Major and trace element analyses have been made for 63 of 70 successive basaltic lavas from Steens Mountain in southeastern Oregon. The section was extruded 15.1 ± 0.3 m.y. ago, during a period when the geomagnetic field was changing from reversed to normal polarity. This indicates that the entire 1000-m section accumulated in no more than 50,000 years, and perhaps as little as 2000 years. Groups of 3 to 12 successive lavas possessing related within-group chemistry characterize the sequence. These major lava-groups are separable mainly on their pyroxene/plagioclase ratio which ranges from 46 to 76 percent by weight. Within certain lava groups, the TiO2 and total Fe contents systematically decrease with decreasing age by as much as 30 percent in sequences of as many as 12 successive lavas, with, in some cases, sharp reversals back to the composition of the parental magma type taking place at the boundaries of the major groups. Two geochemical trends are present, those dominated by plagioclase fractionation, and those due to olivine fractionation. This is expressed in the following facts:
(a) Elements virtually absent in plagioclase are diluted in concentration with increase in feldspar content, compared with the presumed parental magma. These include Fe, Ti, Mn, and Cu. Ratios between pairs of these elements remain essentially constant. Ratios involving these elements and elements that are included in plagioclase (such as Al/Ti or Ca/Fe) show, however, a great range of variation.

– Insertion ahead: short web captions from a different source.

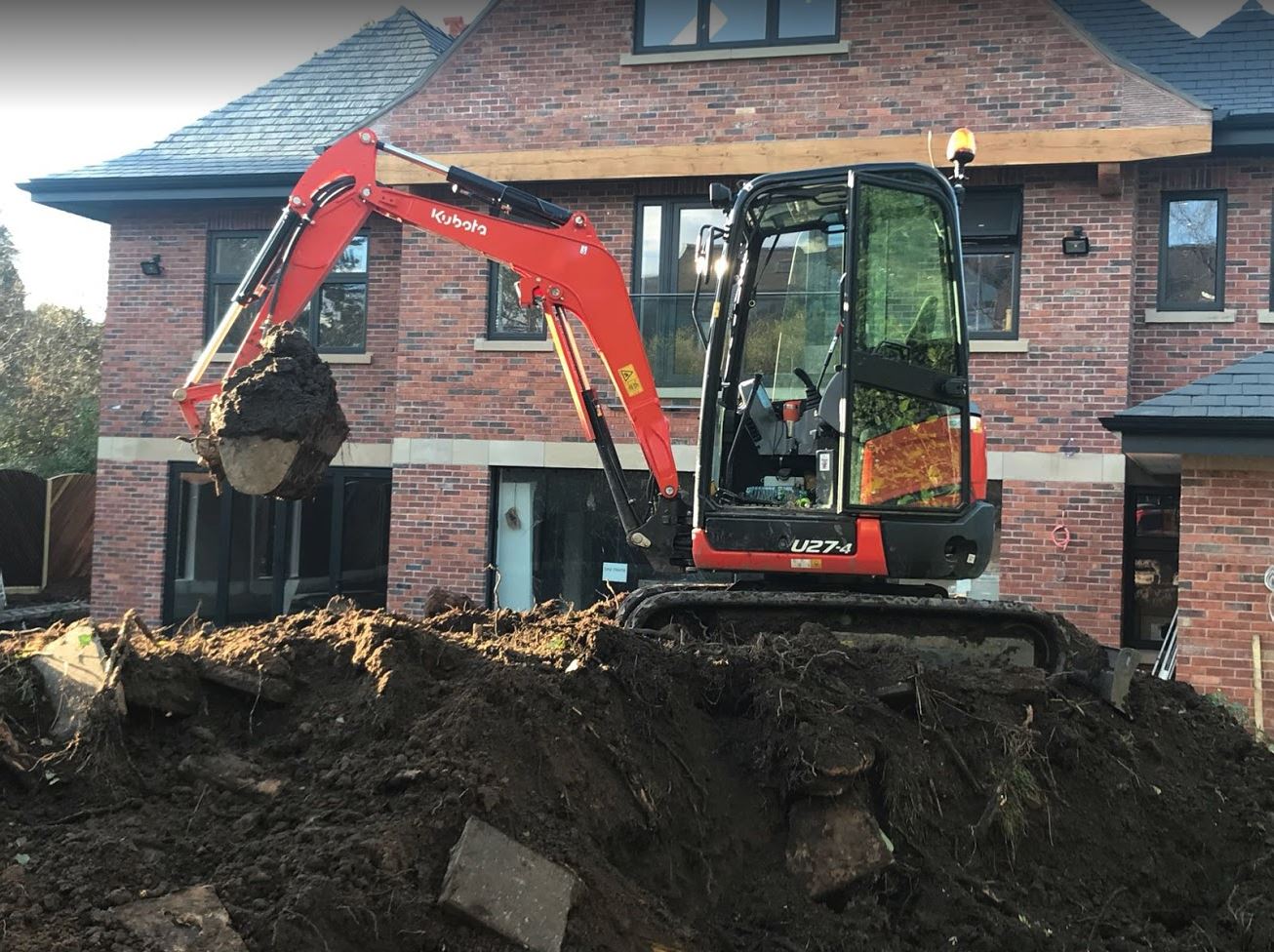 Professional excavation contractor using modern excavator on Manchester construction site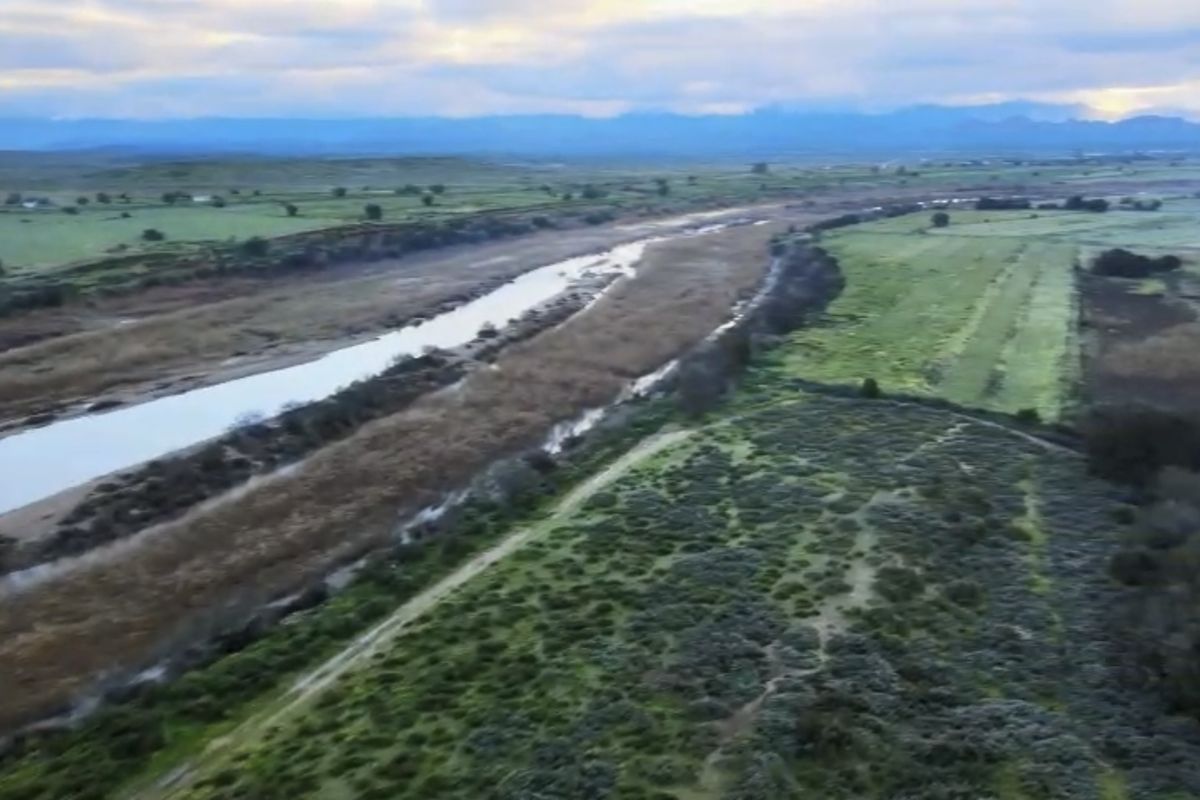 An aerial view of the expansive farm property featuring a river running through the landscape and surrounding agricultural fields.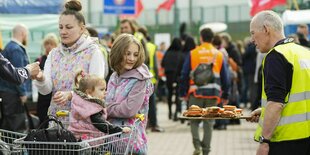 Ein Mädchen schaut zu Butterbroten, die ihr gereicht werden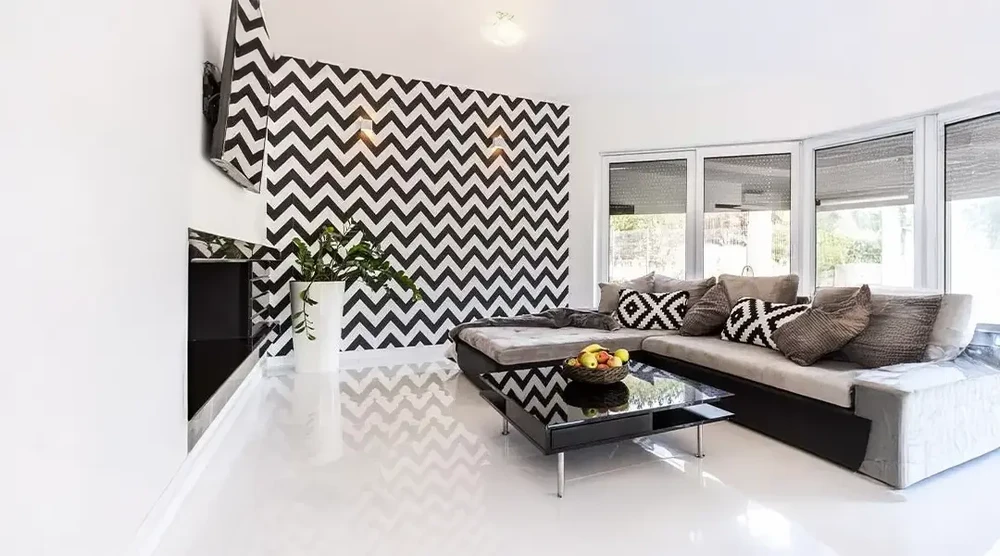 Terrasse extérieure moderne avec dallage en grès cérame grand format beige clair, joints fins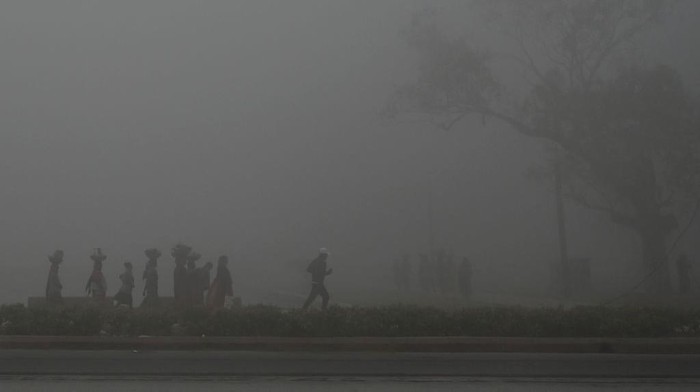Gelapnya New Delhi Diselimuti Polusi Udara TOPSHOT - People walk along a road near India Gate amid heavy smog in New Delhi on February 22, 2023. (Photo by Arun SANKAR / AFP) (Photo by ARUN SANKAR/AFP via Getty Images)
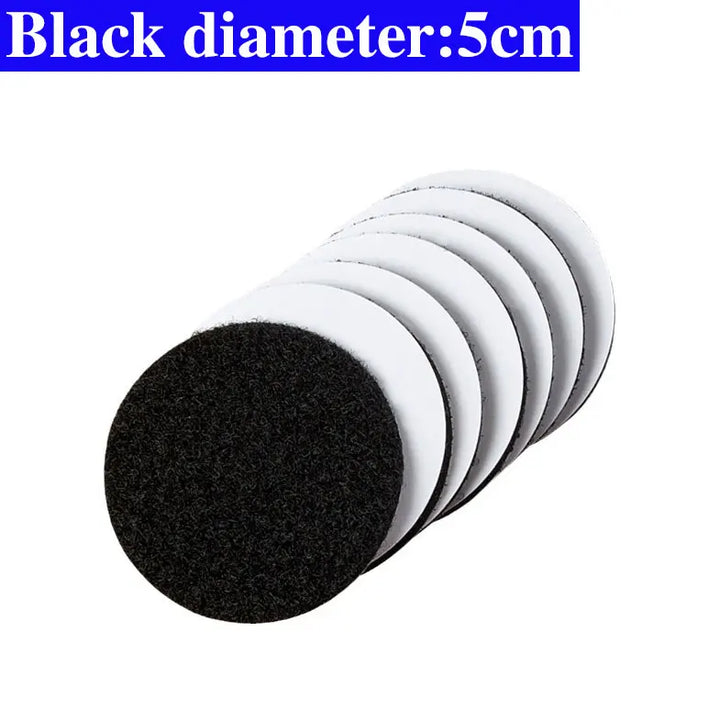 Set of black and white round Velcro pads with a diameter of 5cm on a white background.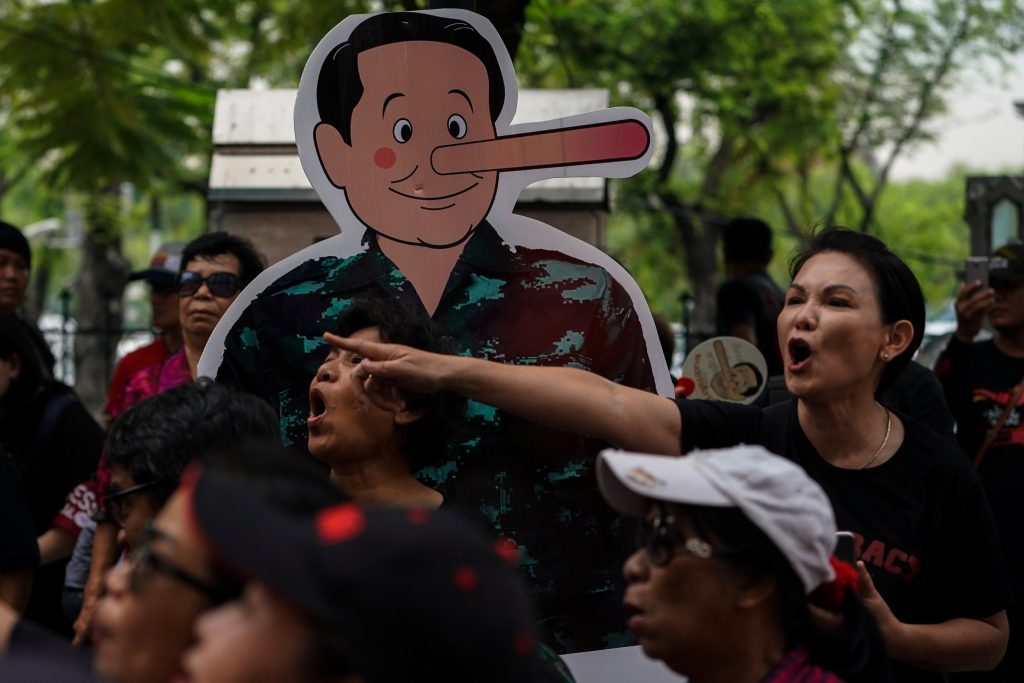 Anti-government protesters gather near a cardboard cut-out mocking Thailand's Prime Minister Prayuth Chan-o-cha as Pinocchio during a protest to demand that the military government hold a general election by November, in Bangkok, Thailand, May 22, 2018. Credit: Reuters/Athit Perawongmetha
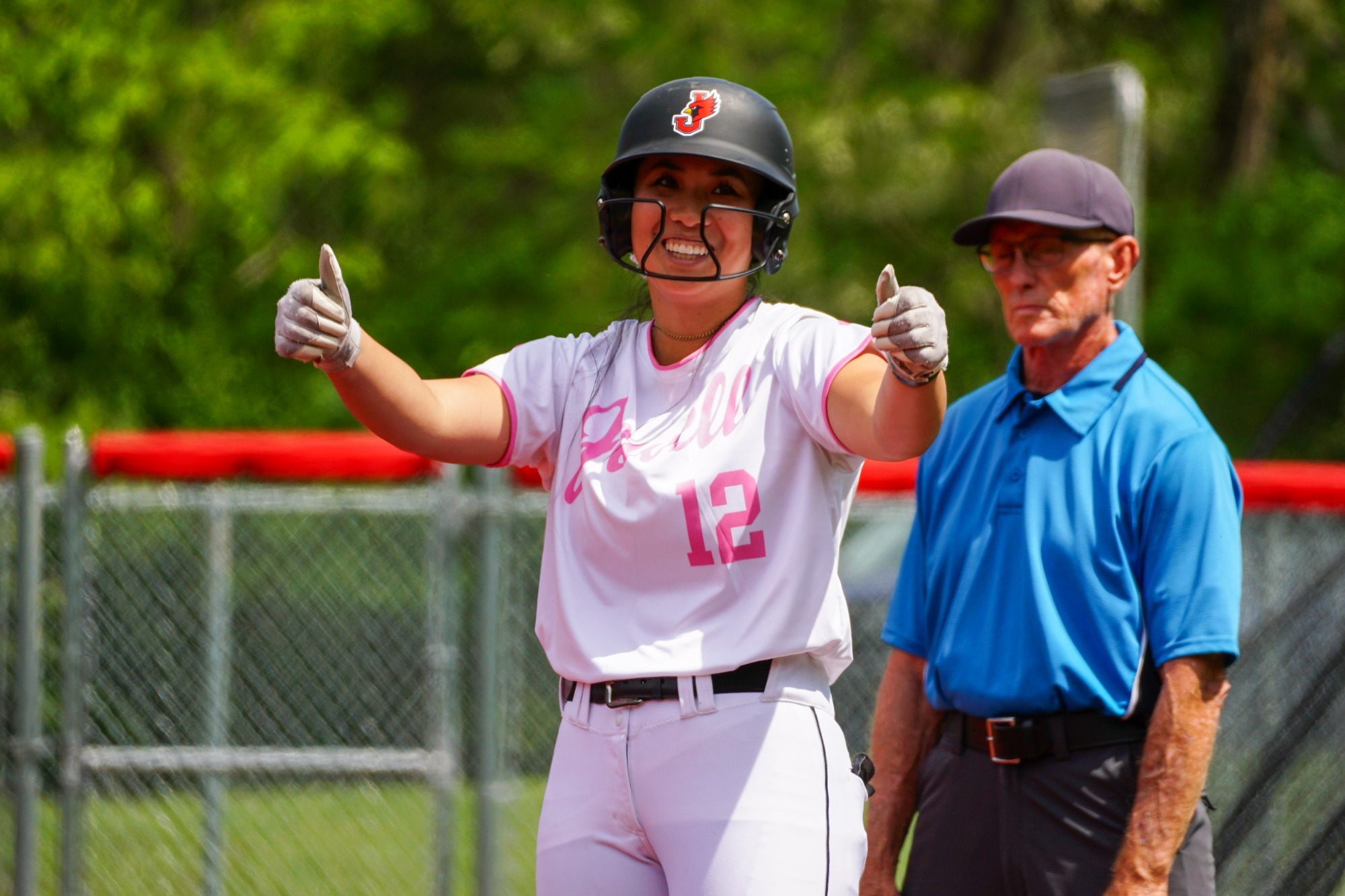 Softball player wearing white uniform, pink trim and black helmet giving thumbs up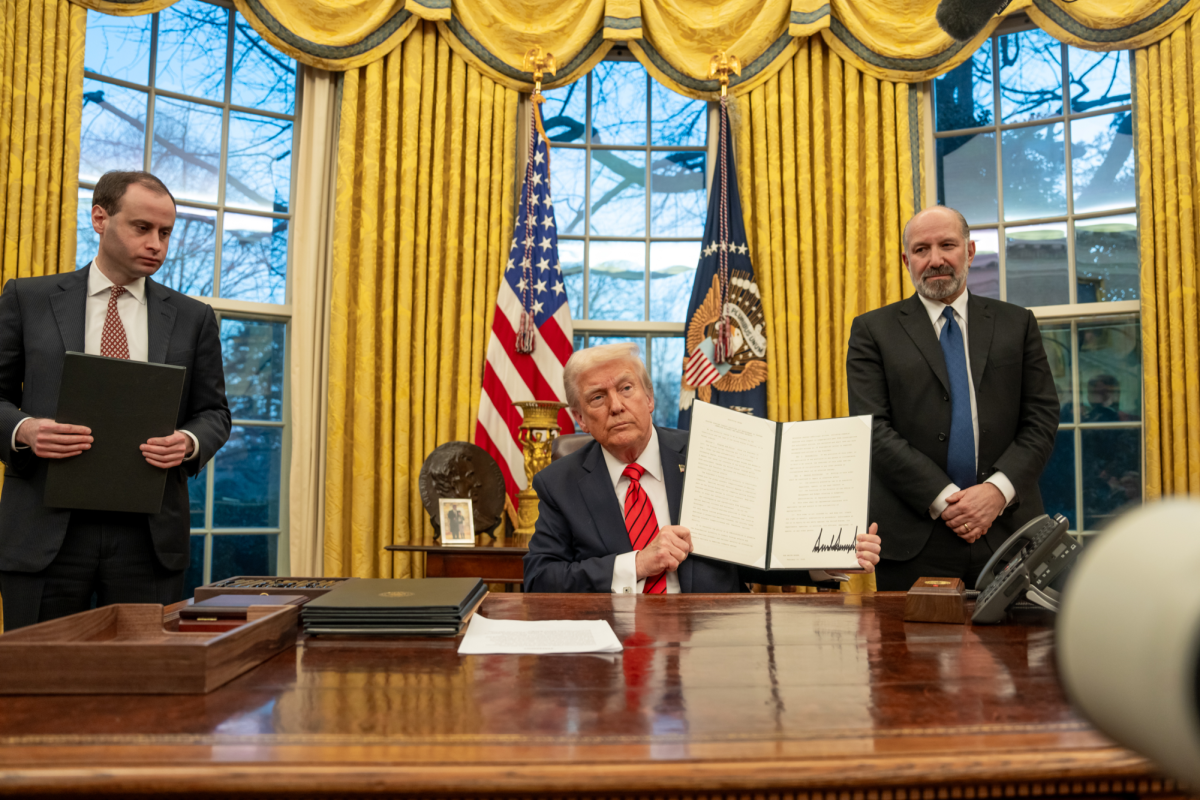 President Trump holds an executive order in the Oval Office on Feb. 10, 2025. Trump has signed 142 executive orders in his first 100 days, which is a record. (Photo from WhiteHouse.gov)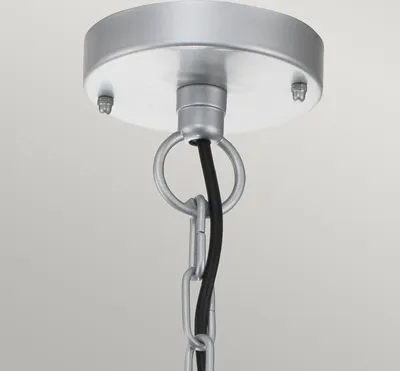 Close-up of a silver-colored ceiling mount for a pendant light, showing the chain and electrical cord.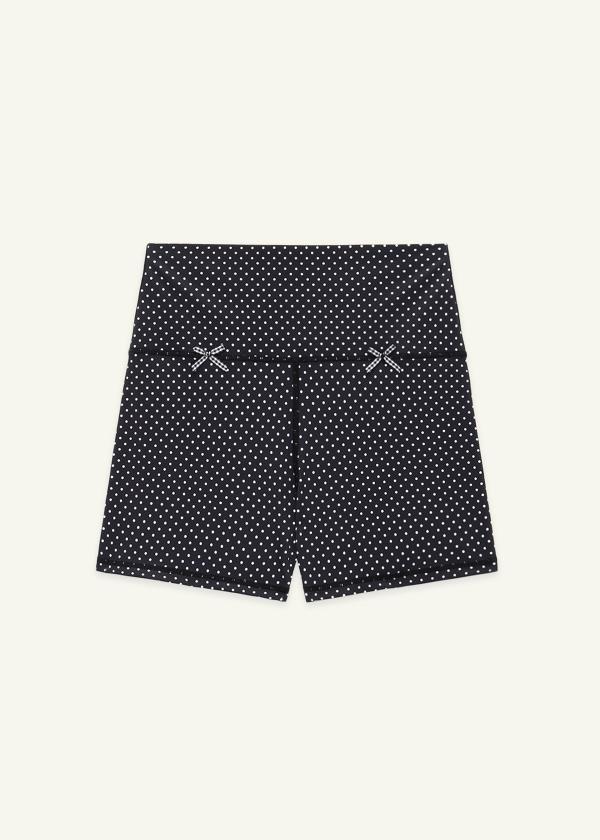 Front view of black and white mini polka dot high waist yoga shorts with gingham bow details.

(b) Elements present in approximate equal amount in feldspar and parental magma (such as Si and Na) remain nearly constant in amount throughout.
(c) Homologous element pairs with markedly different distribution coefficients between plagioclase and magma show strong fractionation between high and low feldspar rocks; for example, K and Rb. The K/Rb ratio has a range of 500 to 750.
(d) Accumulation and subtraction of olivine has resulted in a Mg/Ni ratio increasing from 300 to 1000 with decreasing olivine content. Superimposed on this Mg/Ni distribution is the concentration-dilution trend due to plagioclase variation.
(e) Enrichment of K, Ba, Rb and P is found in lavas affected either by plagioclase or olivine removal.
The limitations which the paleomagnetic data place on the time span of the section suggests that systematic changes (as described above) occupying sequences of as many as 12 successive lavas took place in a time perhaps as short as 200 years. This provides an estimate of the maximum rate of change of TiO2 of the order of 1 percent absolute per thousand years for some of the sequences.